Since the Washington Senators moved to the Twin Cities in 1961 and became the Minnesota Twins, the franchise has had good times and bad.
American League Champions in 1965, World Series Champions in 1987 and 1991, and six A.L. Central Division Championships have been the good…last year’s 99-loss season and the mid- through late 1990s gave us the bad Twins.
No matter what kind of season the Twins had, Twins fans always have had their favorite players. From Chili Davis to Eric Milton to Jim Thome—everybody has had their favorites.
Does your favorite make the cut?
When you think of the Minnesota Twins you think about Kirby Puckett.
Kirby’s No. 34 is one of the seven numbers retired by the Twins and he is one of only four players enshrined in Cooperstown wearing a Twins cap.
Puckett’s legacy was sealed in Game 6 of the 1991 World Series when he made that amazing catch against the Metrodome’s Plexiglas and his walk-off home run that extended the series to seven games.

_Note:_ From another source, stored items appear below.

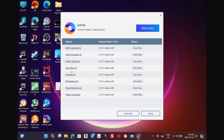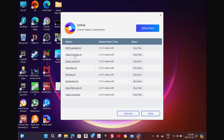If you hit Start Free Trial, you'll see you have the ability to try each feature with three videos each. You have the HDR upscaler, video enlarger — which is what we're going to be using — audio upmix, smoother — which is what we're doing when going from 30 to 60 or 60 to 120 frames — denoise, deinterlacer, vocal remover, and a video converter.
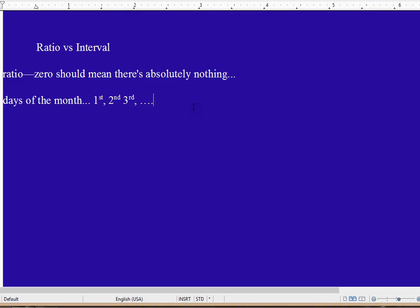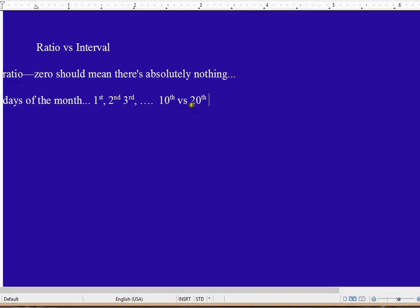This is at the interval level of measurement because if I take the tenth versus the twentieth, the difference—remember, for interval, differences mean something; for ratio, ratios mean something—the difference between ten and twenty is ten. And sure enough, the twentieth of the month is ten days after the tenth of the month. So this difference means something, and we have interval level.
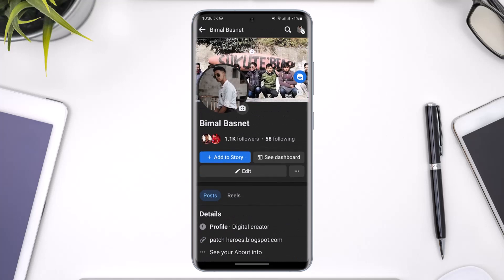Once you come back you'll see that professional mode has actually been enabled, because this time you'll see the 'Followers' button instead of 'Friends'.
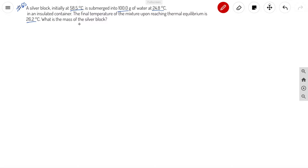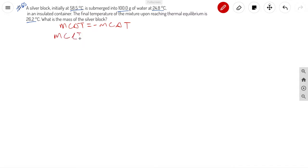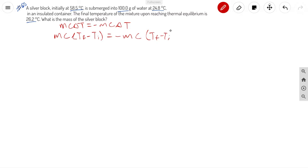So that's two variables, and I'll show you why. The formula that we are using is MCAT equals negative MCAT, which can be rewritten as MC times (temperature final minus temperature initial) equals negative MC times (temperature final minus temperature initial). M stands for mass, C is the heat capacity, and triangle T is the change in temperature.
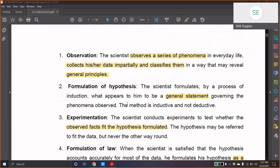What are they? We are looking at the scientific aspects — trying to define what a science is and what happens in a scientific study. Here, it is a scientific approach to languages. So, observation: a scientist observes a series of phenomena in everyday life, collects data impartially — impartially is an important word — classifies them, and then comes out with some general principles.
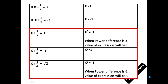So whenever you see a question which starts with an 'if' condition and says something like: if X plus 1 by X is equal to 1, consider X cube is equal to minus 1. When it says if X plus 1 by X is equal to minus 1, consider X cube is equal to 1. And when it says if X plus 1 by X is equal to root 3, consider the value of X to the power 6 is equal to minus 1. Don't worry about the other part which says when power difference is C, the value of X will be 0 — I will explain that through questions.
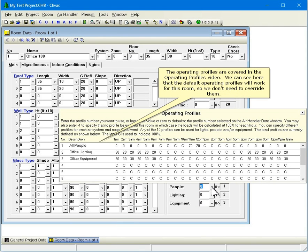The operating profiles are covered in the operating profiles video. We can see here that the default operating profiles will work for this room, so we don't need to override them.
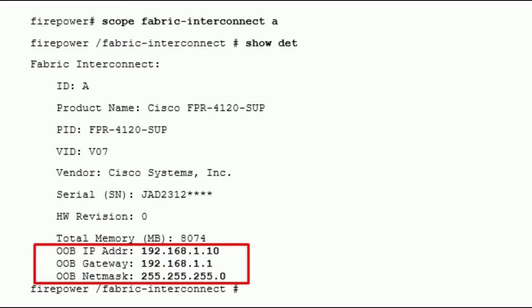Connect console cable to the FTD and open PuTTY. Login to FTD with default credentials: username admin, password Admin123.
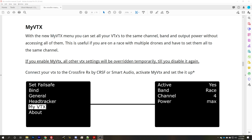Before we get into this video, I need to tell you that TBS Crossfire has a function called MyVTX that is almost the same as what I'm about to show you that ImmersionRC Ghost can do. I'm telling you about that now because I know a whole bunch of people are going to go to the comments and ask me about it. I have a video about MyVTX — it's already recorded, already edited, and it will be coming out on my channel very soon. Make sure you're subscribed and hit that notification bell so you don't miss it, and no need to go to the comments and ask me about the video.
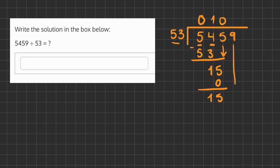And now we'll carry down this 9. How many times does 53 go into 159? And that is exactly 3 times. So our final answer is going to be 103.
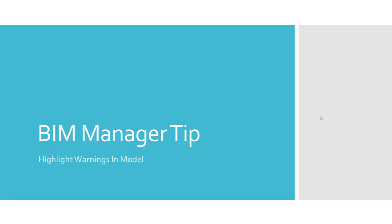Hey guys, here with another BIM Manager Tip: highlight warnings in a model.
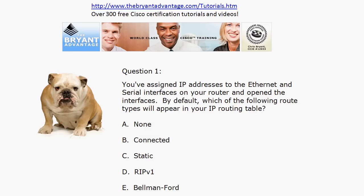You've assigned IP addresses to the Ethernet and serial interfaces on your router and you've opened the interfaces. By default — choose all that apply as always — which of the following route types will appear in your IP routing table? For extra credit, give me the routing table code for that route type or types.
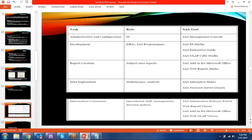If you are a developer you work in SAS DI, Enterprise Guide, and OLAP cubes. For report creation, people use add-in Microsoft and web report studio. For data exploration we have Enterprise Miner and Forecast Server. Information consumers — who are the end users — will use the information delivery portal, web report viewer, add-in Microsoft, and web OLAP viewers. So those are the different tools used by different work roles in the organization.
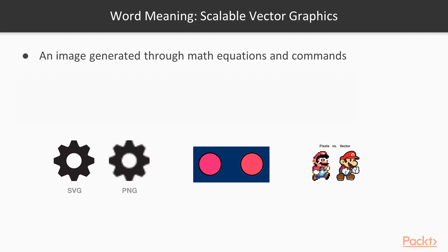We already know SVG stands for Scalable Vector Graphics. But wouldn't it be even better if you also knew what exactly we mean by this word? A vector is an image generated through math equations and commands. It can be scaled to be smaller or larger and it will never become pixelated.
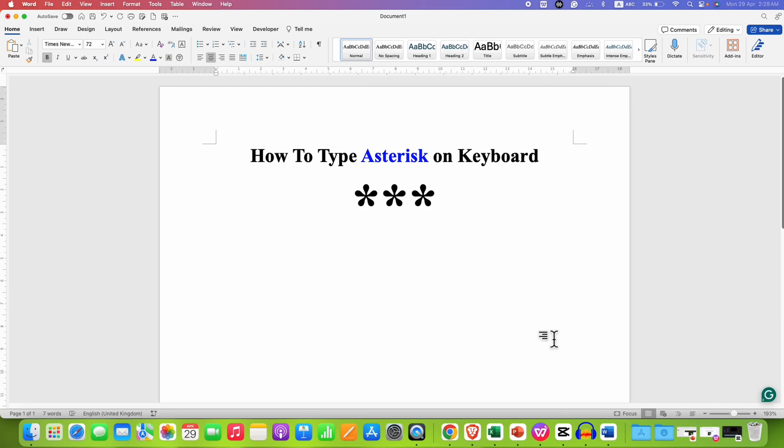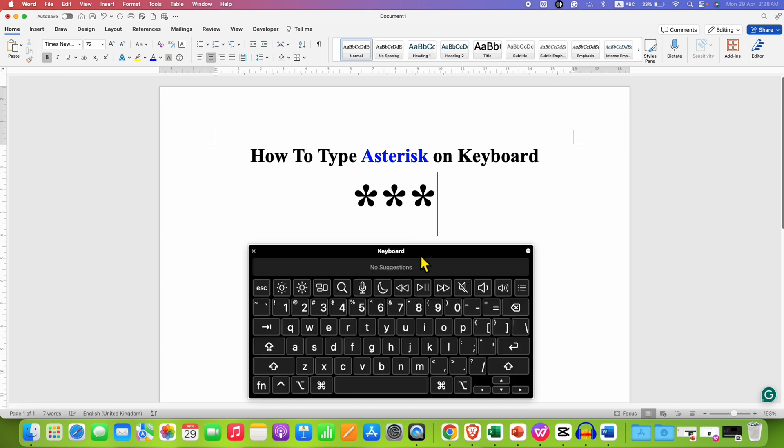In this video you will see how to type asterisk on keyboard. It's very easy on your laptop or desktop keyboard. You need to first locate the asterisk key, and the asterisk key is here which is number 8.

“And we’ll see you tomorrow night!”
Before Kirby donned a Twins uniform, when you thought about the Twins you then thought about Harmon Killebrew.
Nicknamed "Killer" because of the way he made balls fly out of Metropolitan Stadium; Killer was the complete opposite of his personality; there wasn't a nicer man.

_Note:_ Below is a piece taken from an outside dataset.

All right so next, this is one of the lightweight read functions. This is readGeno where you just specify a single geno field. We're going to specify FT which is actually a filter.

Killer crushed 573 home runs in his career and only 19 came not wearing a Senators/Twins jersey. Killebrew’s last season in the MLB was as a member of the Kansas City Royals in 1975, the same year the Twins retired his No. 3.

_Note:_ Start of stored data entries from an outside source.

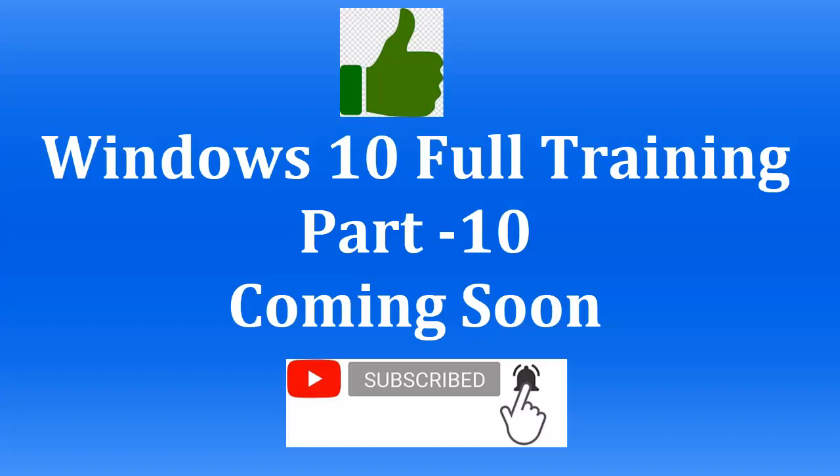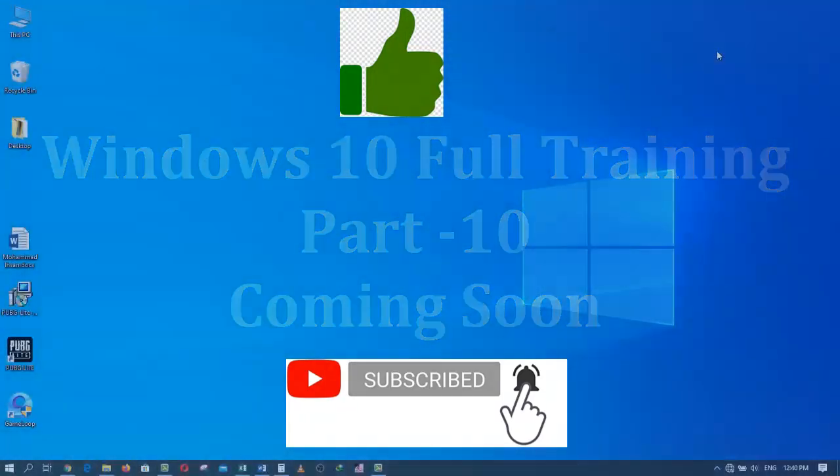Don't forget to like, subscribe and hit the bell icon for more videos. This is Zia Maliki signing off.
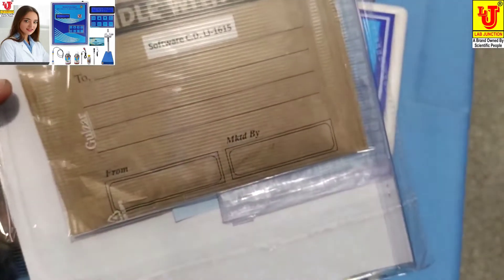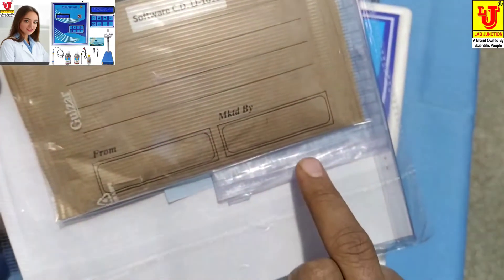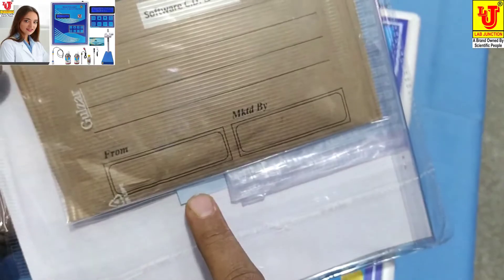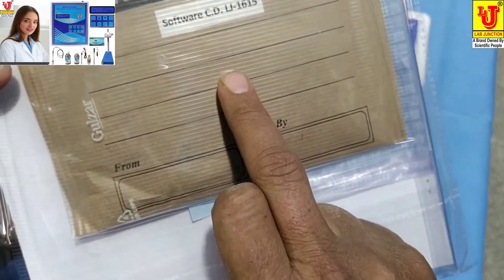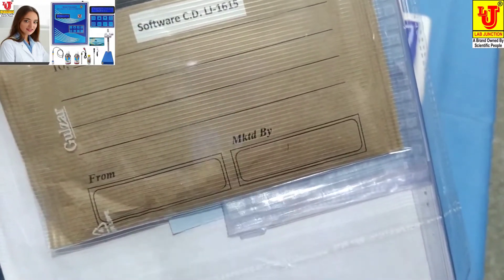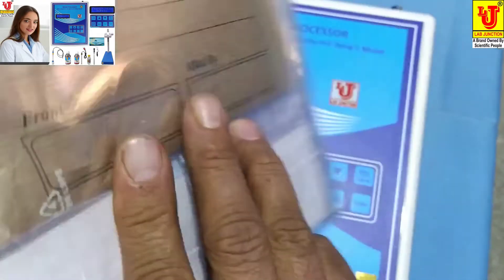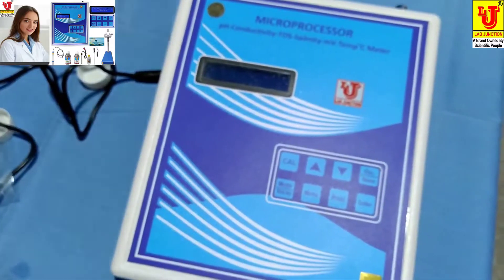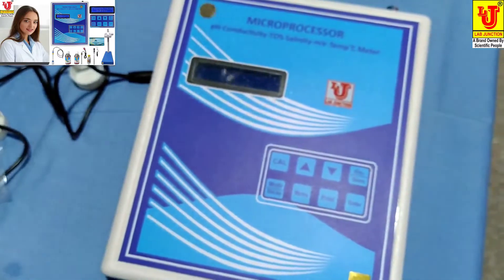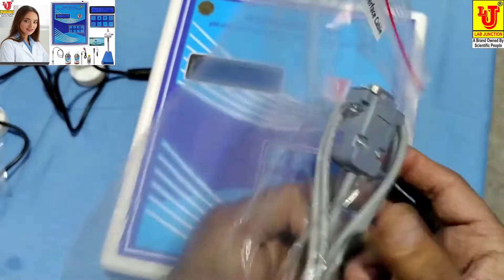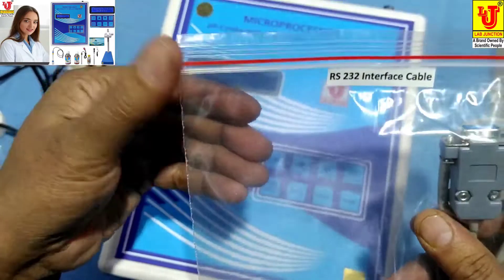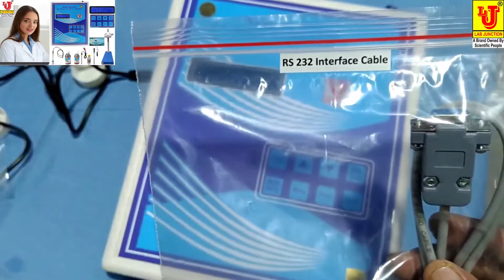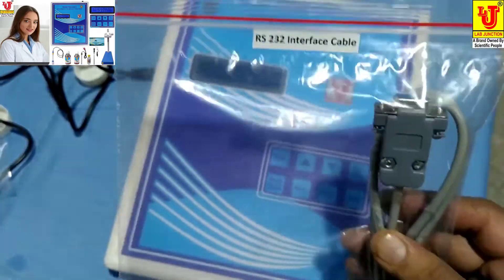Also supplied: a dust cover, warranty card, and software CD to interface with a PC. The interfacing is done via an RS232 interface cable.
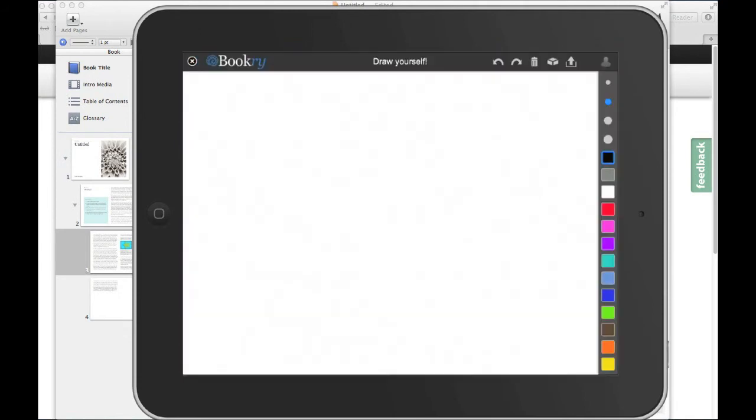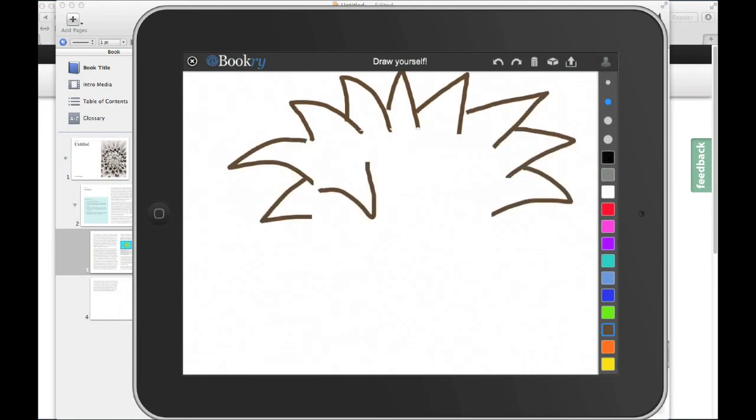And here we have it, here's our drawing widget. There's a selection of colors down the right hand side, as well as a selection of pen sizes. There's different tools to allow you to undo your changes, start from scratch again, and even erase what you've done. So let's get drawing!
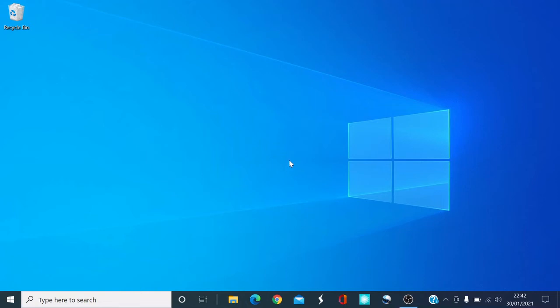Hi guys, welcome to a new video. Today I'm going to show you how to download and install paint.net. So let's get straight to the video. First of all, you want to open up your internet browser.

In May the Royals visited Minnesota when the Twins formally retired Harmon’s number while he was in uniform for Kansas City.
"Killebrew can knock the ball out of any park, including Yellowstone."—Paul Richards, Baltimore Orioles Manager
He put the ball in play a lot and that’s all he had to do. He did it a whole lot too.
Carew played 19 years in the league and he made 18 All-Star games during his tenures with the Twins and the Angels. He made the Hall of Fame the first time he was on the ballot, and has had his No. 29 retired by both the Twins and Angels.
By the way his career batting average was .328. Wow.
Oliva's loyalty is not found in today's game, but it was well appreciated by the Twins organization. He played 15 years in the MLB and every year he was a member of the Minnesota Twins.
Oliva made the All-Star game eight times and probably would have made more if knee injuries hadn't slowed him down later in his career.
For his efforts his No. 6 was retired by the Twins in the magical year of 1991.
The new generation of Twins fans only want to be surrounded by him, but veteran Twins fans know all about Bert the pitcher.
Known for his nasty curveball, Blyleven finished his career with 3,701 strikeout, which is fifth all time. Blyleven had two stints with the Twins at the beginning of his career from 1970-1976 and then came back from 1985-1988 where he was a crucial part of the 1987 World Series team.
Bert finally made the Hall of Fame and had his No. 28 retired by the Twins last year, when Twins fans realized Tom Kelly is a great commentator but Bert's still a fan favorite.
Before there was Joe Mauer, there was Kent Hrbek. Hrbek was the Twins' original hometown boy; he grew up in the shadows of the old Met.
He may not have been one of the best ballplayers of all time, but he had some muscle. Hrbek knocked out 293 home runs in his career which was all as a member of his hometown Twins.
Sweet Music! What may be the best Twins nickname of all time was given to Frank Viola and there was definitely music in the air when he toed the rubber.
Viola started his career with the Twins, winning a World Series and World Series MVP in 1987; one year later in 1988 he won the AL Cy Young Award.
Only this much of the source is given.